Robotics intersects with many different fields (Mechanical Engineering, Control Engineering, Applied Mathematics, Physics, Machine Learning, Artificial Intelligence, and more); it brings together a diverse community to focuses on the very specific problem of autonomy. The sheer breadth of these subjects means that we require our robotics students absorb a very broad range of background knowledge in order to make a dent in the field.

These documents are a collection of references I've written on various topics directed specifically toward this audience. Since many references already exist on these topics, I try in these documents to normalize the information as much as possible to make it more broadly accessible. Roboticists come from diverse backgrounds, but most references are littered with jargon and assume a very specific technical audience. I try not to be loose on the details—correctness and completeness are paramount—but, in favor of intuition, visualization, connection, and synthesis, the level of rigor tends to fall more toward the side of the intuitive physicist than that of the meticulous mathematician. Please email me with any comments or corrections you may have.

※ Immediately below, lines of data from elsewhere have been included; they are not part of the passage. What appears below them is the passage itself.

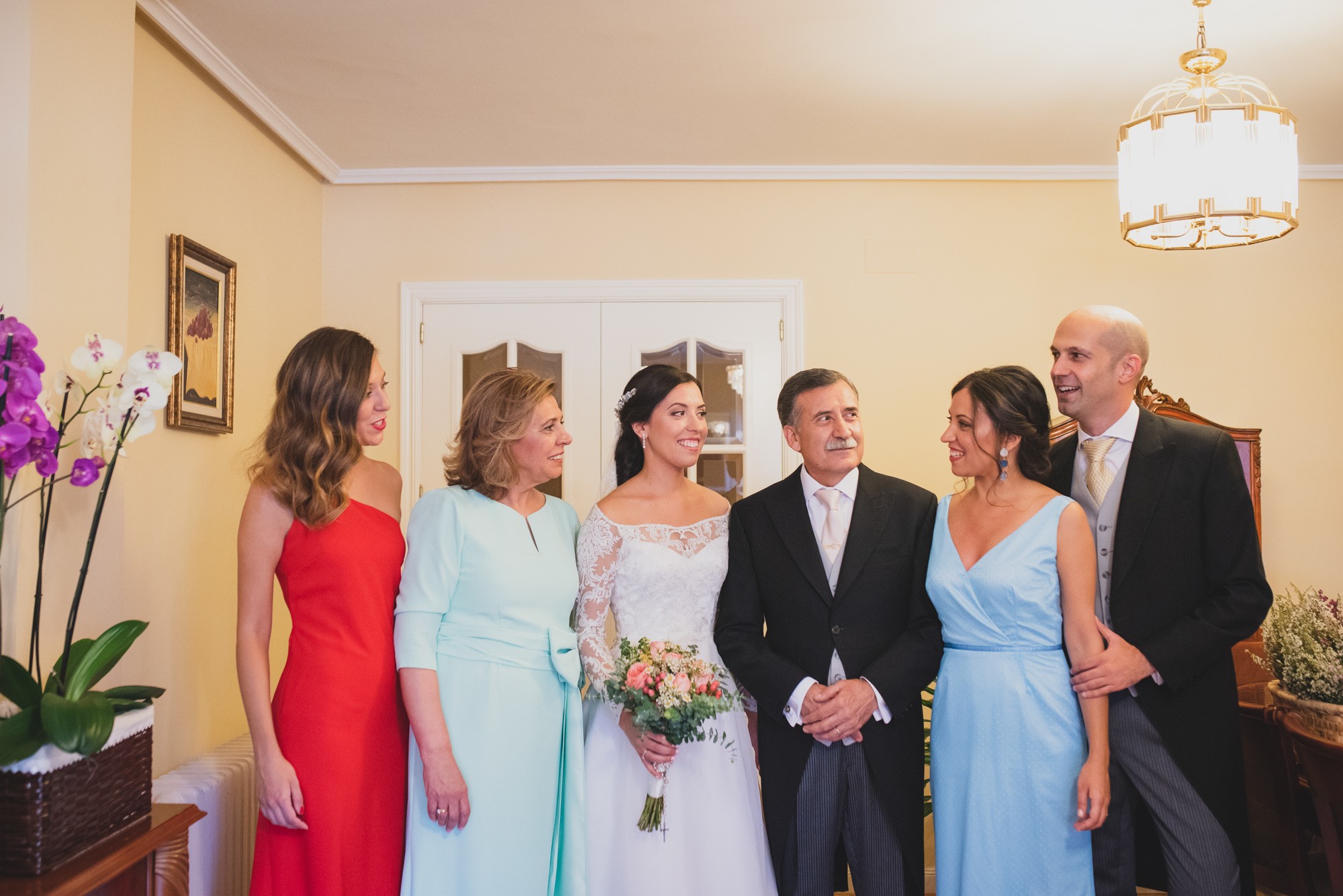 fotografos-boda-el-palacio-del-negralejo-196055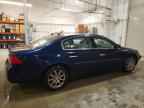 2006 BUICK Lucerne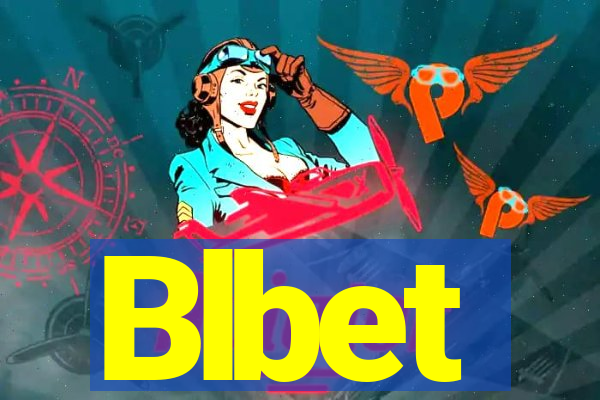 Blbet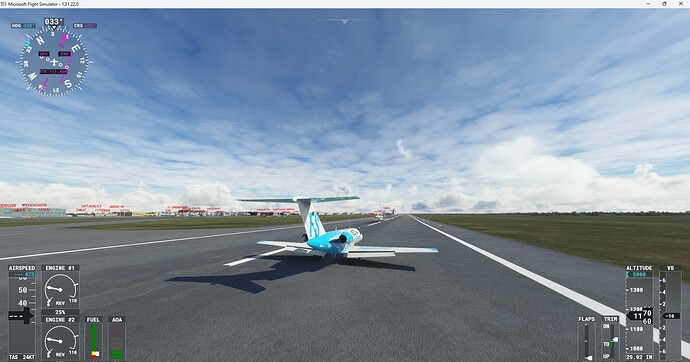 Microsoft Flight Simulator 14-Apr-23 21_04_55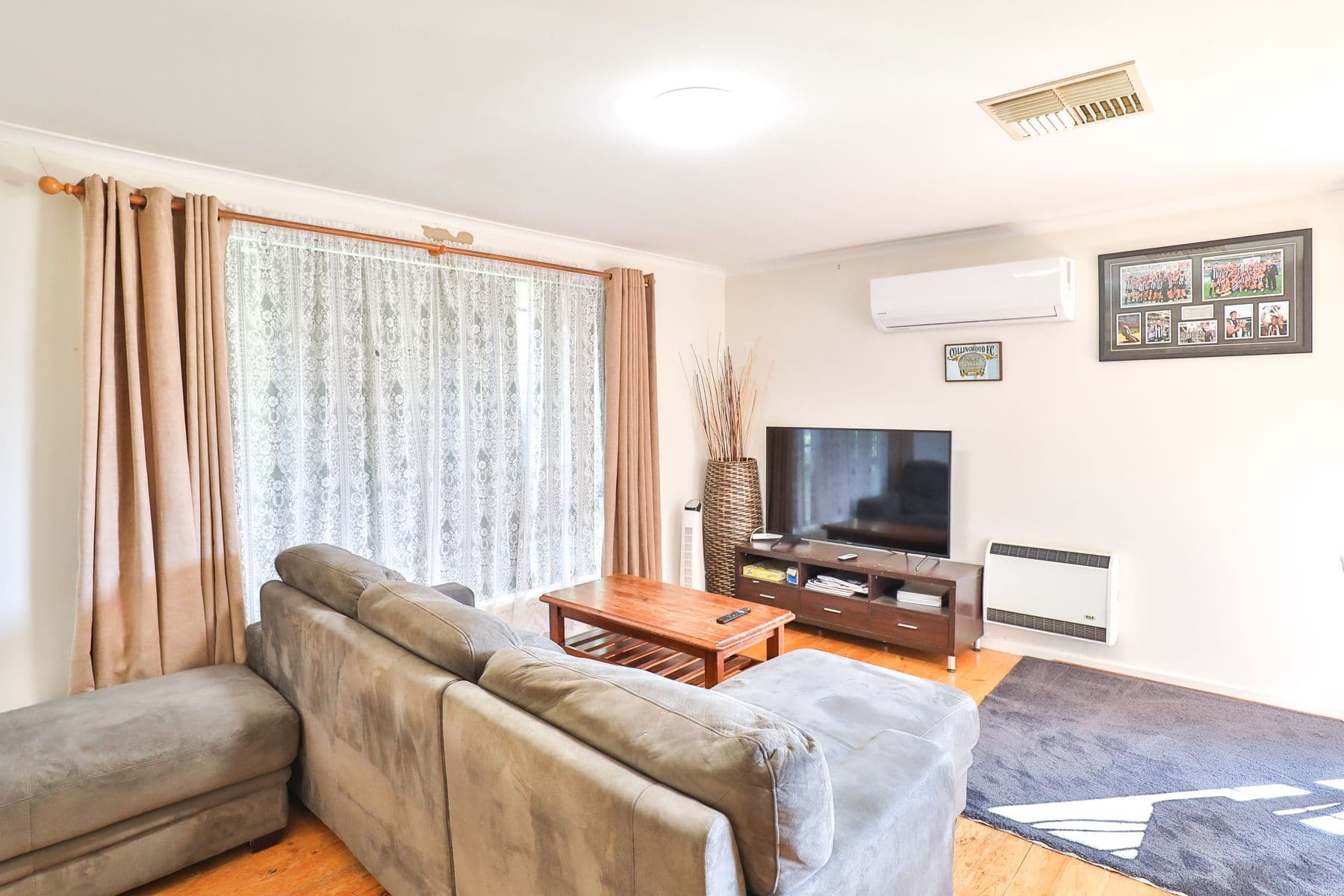 7 Cavallo Drive, Mildura - Thumbnail 3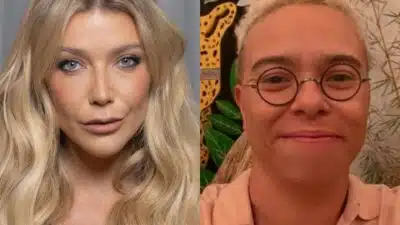 Imagem do post relacionado, leia tambem!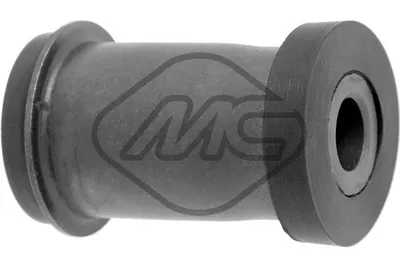 Suspensión, Brazo oscilante Suzuki GRAND VITARA II
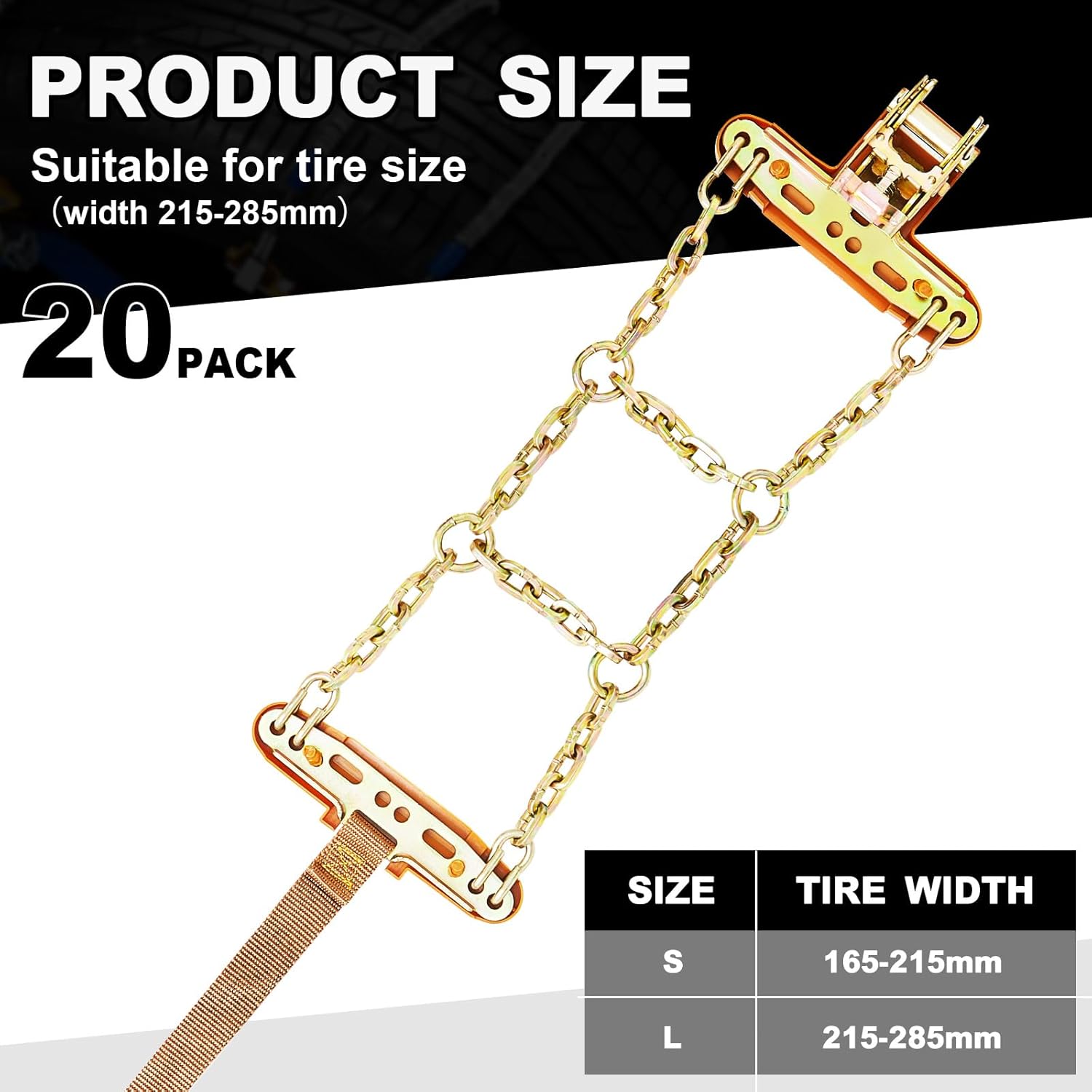 20-Pack-Snow-Chains-Adjustable-Tire-Chains-for-Tire-Width-215-285-mm-SUV-Truck-Pickup-Quick-Fit-Easy-Installation-Tire-Chains-Thickened-Car-Anti-Skid-Tire-Chains.jpg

Mathematics for Intelligent Systems. These documents cover a number of fundamental mathematical ideas and tools required for in-depth exploration of robotics, machine learning, optimization, and other intelligent systems. It start with a discussion of linear algebra from a geometric and coordinate-free viewpoint, and its relationship to advanced calculus and, in particular, the geometry of smooth mappings between spaces. It then moves into probability and statistical analysis, covering graphical models, some common statistical bounds, and decision theoretic frameworks.

  1. Linear Algebra I: Matrix Representations of Linear Transforms.

  2. Linear Algebra II: The Fundamental Structure of Linear Transforms.

  3. Linear Algebra III: Computations in Coordinates.

  4. Multivariate Calculus I: Derivatives and local geometry.

  5. Multivariate Calculus II: The geometry of smooth maps.

  6. Optimization I: Theory and Analytical Methods.

  7. Optimization II: Numerical Algorithms and Newton's Method

  8. Probability I: The multi-dimensional basics

  9. Probability II: Maximum Likelihood and Structure in Probability and Optimization

  10. Information Geometry and Natural Gradients

  11. Basic Statistical Bounds: From Markov to Hoeffding

  12. Sequential Decisions: Solving Markov Decision Processes

Advanced Robotics: Analytical Dynamics, Optimal Control, and Inverse Optimal Control. These documents develop legged and floating robotics from the bottom up, starting with a study of the fundamental building blocks of control design, analytical dynamics, and continuing through to floating-based instantaneous control, optimal control, and imitation learning through inverse optimal control. I originally wrote them for the first half of a course I taught on Advanced Robotics at the University of Stuttgart, summer semester 2014.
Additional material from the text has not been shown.